Ja - auch den Bündnisgrünen oder der Linkspartei kann ich damit den Buckel runterrutschen. In Koalitionsverhandlungen würden es nämlich vor allem um Brot-und-Butter-Themen gehen, sei es um noch mehr Brot and Butter für die ohnehin schon gut Versorgten der Republik, sei es um Brot und Butter für diejenigen Bürgerinnen und Bürger, denen die Butter vom Brot genommen wurde. Dieser thematische Vorrang wäre sogar - was ja nachvollziehbar ist - im Sinne vieler Bürgerinnen und Bürger. Allerdings sollten auch diejenigen, für die das Einkommen vorgeht, die Möglichkeit in Betracht ziehen, dass es bei Datenzugang und Datenproduktion um Erwerbsfragen geht.

Die Piraten sind ohnehin nicht die Partei, die für mehr Armut oder mehr Ungleichheit einträte. Ihr angebliches Problem besteht vielmehr darin, dass sie eine monothematische Partei seien.

Also, ich finde, ihr Problem besteht eher darin, dass sie sich die Kritik des Mainstreams zu Herzen genommen haben und versuchen, zu weiteren Themen Positionen zu entwickeln. Das müssten sie gar nicht.
Es gibt für alle größeren wirtschaftlichen Belange eine Lobby. Diese Lobbies dürfen auch in den Bundestag, um dort Abgeordnete in ihren Büros zu besuchen. Ich wähle also diesmal keine Partei, ich wähle eine lupenreine Lobby. Die darf dann (vielleicht) auch in den Bundestag.

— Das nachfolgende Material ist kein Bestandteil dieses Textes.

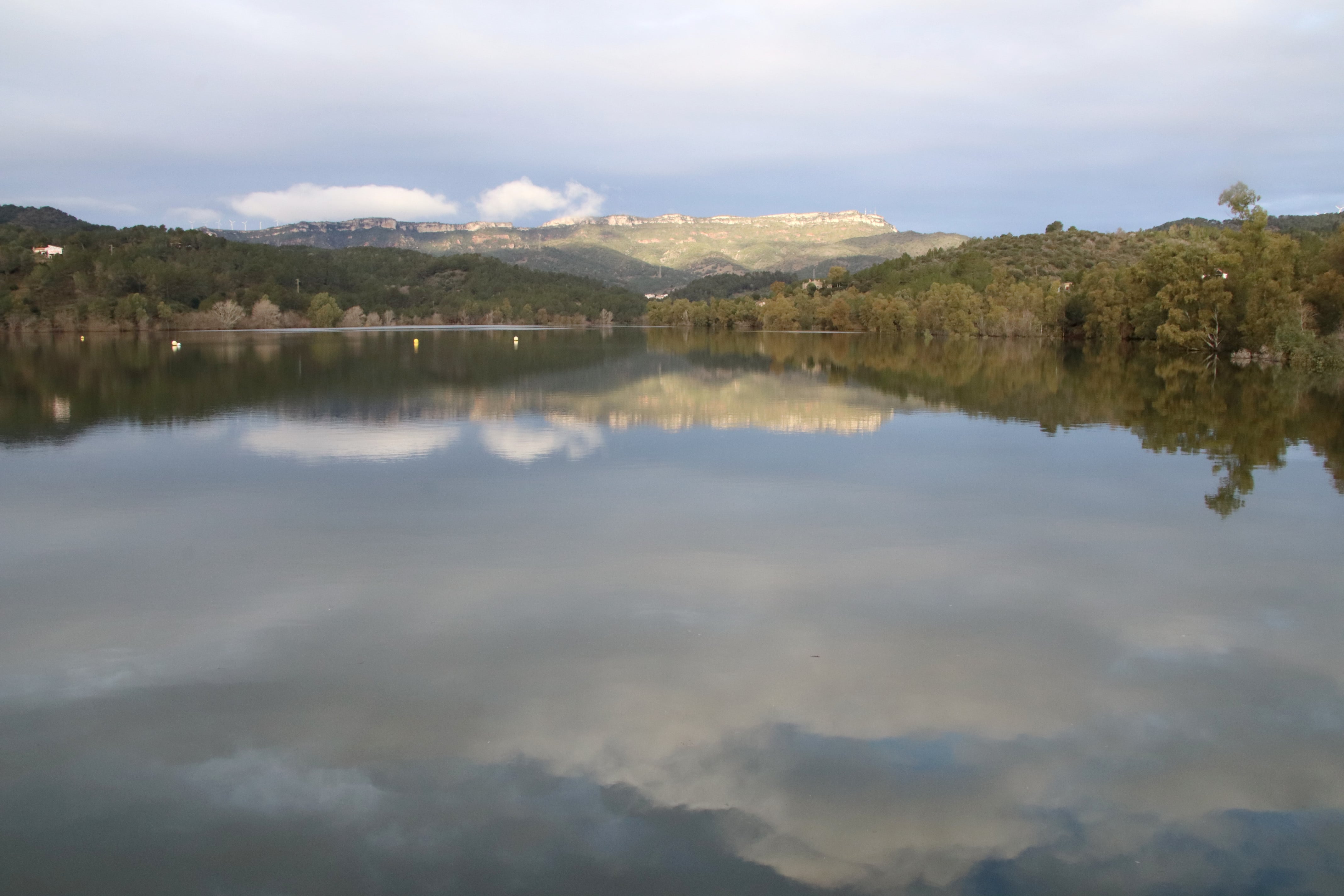 Imatge del pantà de Riudecanyes, al límit de la seva capacitat, aquest dijous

Natürlich ist diese Lobby-Auffassung nicht schön. Ich würde das hohe Haus der Demokratie ja auch gerne in einem etwas würdigeren Licht sehen. Aber wenn meine Lobby als Lobby kaum reinkommt, muss sie eben als Partei reinkommen. Oder mit 4,5 Prozent Wähleranteil drohend vor der Tür stehen.

Meine Wahlentscheidung beruht auf einer Theorie - ich sagte es vielleicht schon. Sogar eine zwei- oder dreiprozentige Piratenpartei übt einen gewissen Einfluss auf die Gesetzgebung und auf den Respekt für die Bürgerrechte aus. Außerdem kriegt sie für meine Stimme vielleicht irgendeine Kostenpauschale und kann damit weiterarbeiten.

Darum muss die SPD - leider - auf meine Stimme verzichten. Auch das hat ein paar Vorteile. Zum einen ist Steinbrück für mich zwar kein unsympathischer Kandidat (ich meine das ganz unironisch), aber ich vermute, auch als Kanzler (also, rein theoretisch) hätte er gewaltige Kommunikationsprobleme. Über einen Saal gut gezahlt habender Zuhörer hinaus kann er sich einfach nicht gut genug verständlich machen - das kann nur Gertrud Steinbrück. Dieses Problem würde sogar gelten, wenn Steinbrück als Kanzler eine lupenrein sozialdemokratische Politik machen würde. Davon abgesehen reicht es eh maximal für eine große Koalition, und die wünsche ich der SPD nicht (nicht mal, wenn sie sich selbst eine wünscht). In der Euro-Politik hat die schwarzgelbe Regierung immer nur in letzter Minute agiert - eine proaktive und weniger großmäulige Politik hätte nicht nur den "Krisenländern" effektiver geholfen; sie wäre auch für die BRD langfristig billiger gewesen. Zum anderen war die SPD bisher immer im Pech, wenn ich sie gewählt habe. Also lasse ich es einfach mal.

Die Kiste voller Dreck, die Merkel & Rösler bisher so erfolgreich vor sich hergeschoben haben, sollen sie nach dem 22. September gefälligst selber aufmachen.

Ich wähle die Piraten. Was bleibt mir übrig?